Royal Mail workers have overwhelmingly voted to undertake industrial action that could affect Christmas deliveries for thousands who only send parcels in the holiday period.
As the holiday retail rush fast approaches, the Communication Workers Union (CWU) which represents 110,000 postal staff have voted by a nearly 90 per cent majority to strike.
This comes as e-commerce is likely to nudge ahead of in-store shopping for the first time.
Postal executives are set to meet later this week to discuss potential dates for strike action which could take place anytime over the next six months.
The unrest was sparked over workers‘ pensions after Royal Mail announced the closure of its defined benefit scheme earlier this year.

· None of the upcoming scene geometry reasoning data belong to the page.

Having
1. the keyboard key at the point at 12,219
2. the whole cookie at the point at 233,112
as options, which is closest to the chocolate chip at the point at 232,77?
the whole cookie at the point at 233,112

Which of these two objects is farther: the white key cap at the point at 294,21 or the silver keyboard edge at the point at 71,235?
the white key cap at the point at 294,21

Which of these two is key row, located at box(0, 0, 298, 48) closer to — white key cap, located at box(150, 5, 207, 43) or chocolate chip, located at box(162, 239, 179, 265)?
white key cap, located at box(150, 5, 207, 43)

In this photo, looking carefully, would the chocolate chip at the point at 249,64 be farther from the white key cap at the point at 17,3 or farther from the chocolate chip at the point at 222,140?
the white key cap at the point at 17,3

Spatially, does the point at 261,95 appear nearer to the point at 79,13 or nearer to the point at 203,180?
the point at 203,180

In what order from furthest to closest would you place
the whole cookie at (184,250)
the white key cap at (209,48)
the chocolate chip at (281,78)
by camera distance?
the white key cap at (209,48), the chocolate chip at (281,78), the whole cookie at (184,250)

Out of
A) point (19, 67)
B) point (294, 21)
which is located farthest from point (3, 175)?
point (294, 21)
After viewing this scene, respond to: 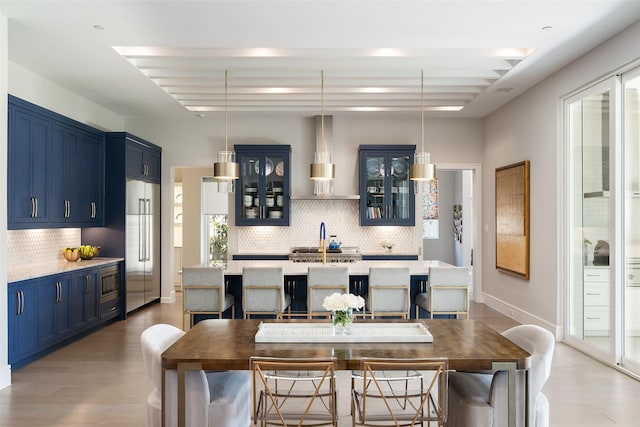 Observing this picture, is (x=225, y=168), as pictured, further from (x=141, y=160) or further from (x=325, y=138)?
(x=325, y=138)

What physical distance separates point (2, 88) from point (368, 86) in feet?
13.0

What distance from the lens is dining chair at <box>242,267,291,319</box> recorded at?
16.2ft

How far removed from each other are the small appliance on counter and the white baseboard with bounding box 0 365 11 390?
5.40m

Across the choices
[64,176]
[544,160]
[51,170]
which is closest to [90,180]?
[64,176]

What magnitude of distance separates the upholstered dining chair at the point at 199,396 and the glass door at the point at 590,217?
3.66m

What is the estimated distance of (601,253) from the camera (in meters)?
4.88

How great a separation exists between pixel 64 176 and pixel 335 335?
4.44 meters

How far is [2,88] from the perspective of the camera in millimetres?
4098

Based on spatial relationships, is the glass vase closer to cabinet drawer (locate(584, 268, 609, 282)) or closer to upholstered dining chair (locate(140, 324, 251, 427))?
upholstered dining chair (locate(140, 324, 251, 427))

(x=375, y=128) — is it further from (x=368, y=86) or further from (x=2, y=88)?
(x=2, y=88)

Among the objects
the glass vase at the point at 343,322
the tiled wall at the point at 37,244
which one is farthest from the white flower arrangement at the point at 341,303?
the tiled wall at the point at 37,244

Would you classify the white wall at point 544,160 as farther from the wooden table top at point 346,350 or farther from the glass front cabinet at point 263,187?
the glass front cabinet at point 263,187

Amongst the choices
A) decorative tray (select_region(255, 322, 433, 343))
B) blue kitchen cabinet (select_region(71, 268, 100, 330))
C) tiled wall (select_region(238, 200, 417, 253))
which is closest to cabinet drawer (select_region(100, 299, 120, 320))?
blue kitchen cabinet (select_region(71, 268, 100, 330))

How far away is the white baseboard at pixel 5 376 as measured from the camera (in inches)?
160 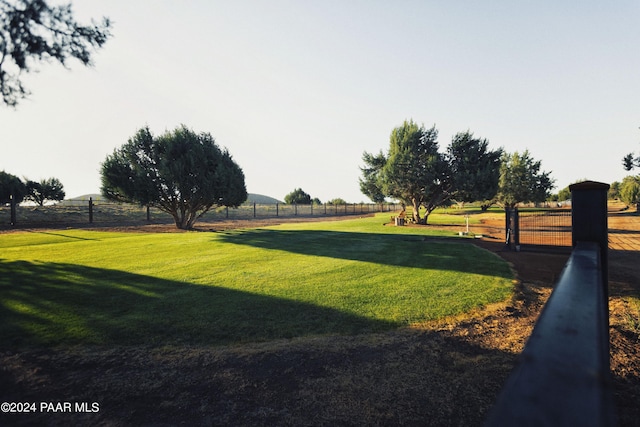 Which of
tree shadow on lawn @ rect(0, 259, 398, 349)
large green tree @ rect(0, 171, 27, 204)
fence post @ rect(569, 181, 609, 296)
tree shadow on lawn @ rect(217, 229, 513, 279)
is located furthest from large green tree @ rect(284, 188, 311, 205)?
fence post @ rect(569, 181, 609, 296)

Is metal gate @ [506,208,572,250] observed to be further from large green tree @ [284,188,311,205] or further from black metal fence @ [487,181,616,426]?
large green tree @ [284,188,311,205]

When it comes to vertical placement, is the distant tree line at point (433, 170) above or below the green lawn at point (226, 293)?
above

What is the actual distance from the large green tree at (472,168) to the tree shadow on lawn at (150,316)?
22410 mm

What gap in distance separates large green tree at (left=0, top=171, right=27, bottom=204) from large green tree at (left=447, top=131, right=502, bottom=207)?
169ft

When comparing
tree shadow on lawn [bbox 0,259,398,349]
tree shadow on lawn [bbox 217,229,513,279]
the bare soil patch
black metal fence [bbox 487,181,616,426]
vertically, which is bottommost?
the bare soil patch

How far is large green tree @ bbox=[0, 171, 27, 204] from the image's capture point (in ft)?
119

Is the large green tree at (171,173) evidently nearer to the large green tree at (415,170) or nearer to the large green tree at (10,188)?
the large green tree at (415,170)

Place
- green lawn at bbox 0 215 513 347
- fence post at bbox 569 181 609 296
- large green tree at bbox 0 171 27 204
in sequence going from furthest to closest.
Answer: large green tree at bbox 0 171 27 204 → green lawn at bbox 0 215 513 347 → fence post at bbox 569 181 609 296

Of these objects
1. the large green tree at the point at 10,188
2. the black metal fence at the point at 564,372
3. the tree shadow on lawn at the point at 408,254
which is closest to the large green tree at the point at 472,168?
the tree shadow on lawn at the point at 408,254

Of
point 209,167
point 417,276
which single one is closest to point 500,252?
point 417,276

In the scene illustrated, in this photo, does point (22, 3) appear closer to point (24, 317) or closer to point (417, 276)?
point (24, 317)

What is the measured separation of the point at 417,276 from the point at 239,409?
555 cm

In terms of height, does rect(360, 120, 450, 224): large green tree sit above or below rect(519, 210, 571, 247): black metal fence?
above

The CWU said it was driven to action because of “the company’s attack on the pension rights of hard-working postmen and women and the refusal of the employer to engage seriously over pay, working hours, future job security and the need to improve and grow the service to the public”.
Royal Mail have taken a stern response to the proposed action stating it makes it “harder to pay for the great terms and conditions we provide for our employees”.
“In 2013, Royal Mail and the CWU committed to the Agenda for Growth (AFG) – a legally binding agreement,” it added.
“Royal Mail has brought to the CWU‘s attention the contractual dispute resolution procedures included in the AFG, which both sides are required to follow once instigated.
“They escalate to independent external mediation, which we expect will take close to Christmas to be completed, and may be longer. We believe these dispute resolution procedures must be followed. The union cannot take industrial action until they have been completed.”
ParcelHero‘s head of consumer research David Jinks added that “for some families the timing of any strike or work to rule could mean that Christmas is cancelled by this action”.
“If industrial action goes into the seasonal period it will have a huge impact. Even if the strikes are limited; it will have significant consequences across the industry as other delivery companies try to absorb the extra volumes at this hugely busy period.”